Sol-gel preparation of titanium (IV)-immobilized hierarchically porous organosilica hybrid monoliths.

Hierarchically porous monoliths as a key feature of biological materials have been applied in enrichment and separation. In this work, a metal immobilized hierarchically porous organosilica hybrid monolith was synthesized by hydrolysis and condensation of tetraethoxysilane (TEOS) and diethoxyphosphorylethyl-triethoxysilane (DPTS) under alkaline environment. Phosphonate ester groups were firstly introduced by the employment of DPTS as functional monomer, and then acidified to phosphonic acids.
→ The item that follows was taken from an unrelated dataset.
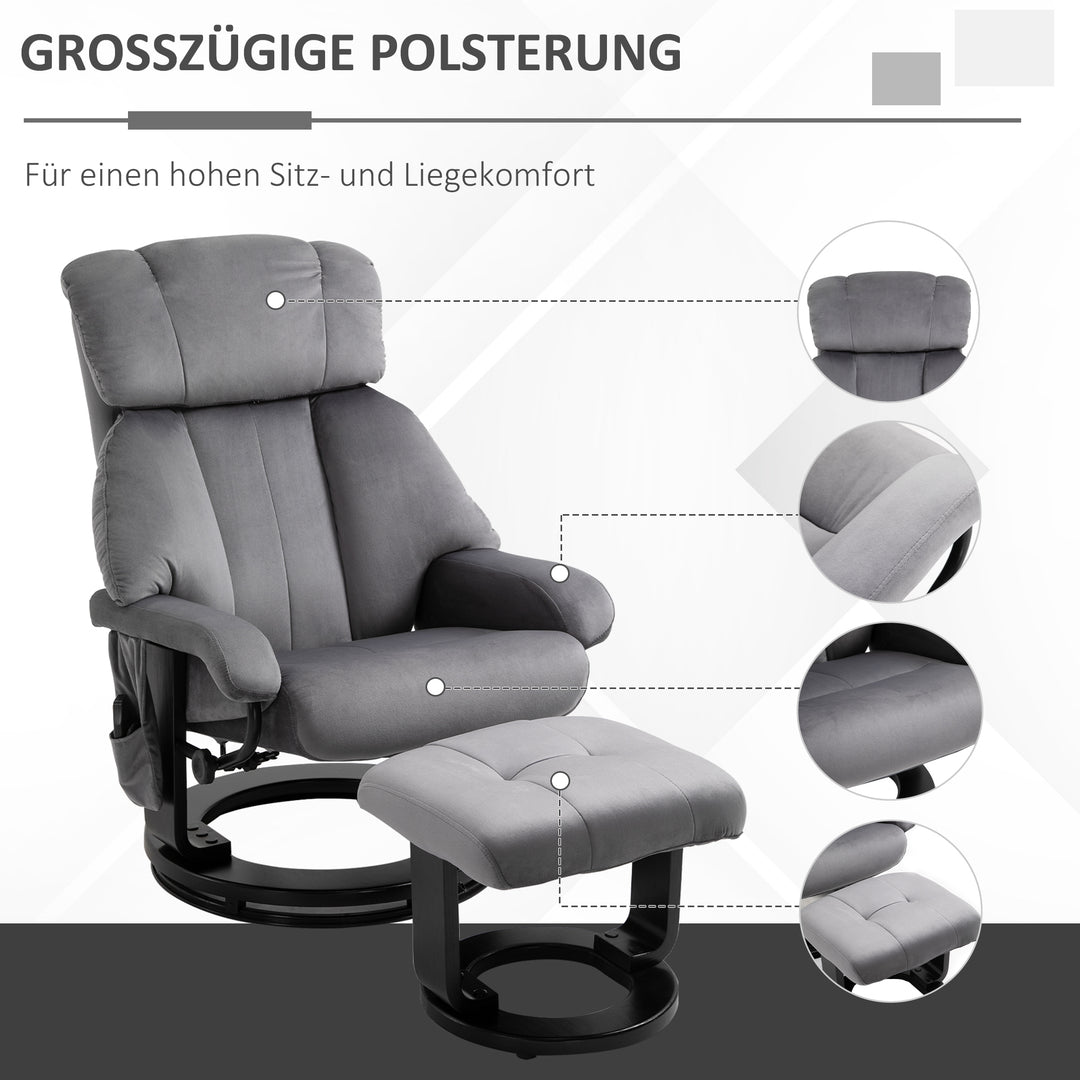 Lænestol med fodskammel, drejelig TV-lænestol med vibrationsmassage, lænefunktion, massagestol med sidelomme, fløjlslook loungestol til stuen, grå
The surface area of optimal monolith could reach to 1170 m2/g, which simultaneously contained micropores and mesopores (4 nm) obtained from nitrogen sorption measurement. Meanwhile, mercury intrusion porosimetry (MIP) further demonstrated that macropores (1-3 µm) existed in monoliths. Followed by chelating with titanium ion (Ti4+), the hierarchically porous organosilica hybrid monoliths could be applied as IMAC materials. This synthesized process was easy-operating and time-saving, and avoided the tedious and complex process of traditional Ti4+-IMAC materials. Furthermore, the Ti4+-IMAC monoliths exhibited high adsorption capacity for pyridoxal 5'-phosphate (82.6 mg/g). The 3282 unique phosphopeptides could be identified from 100 µg of HeLa digests after enrichment with the monolith, exhibiting excellent enrichment performance of low-abundance phosphopeptides.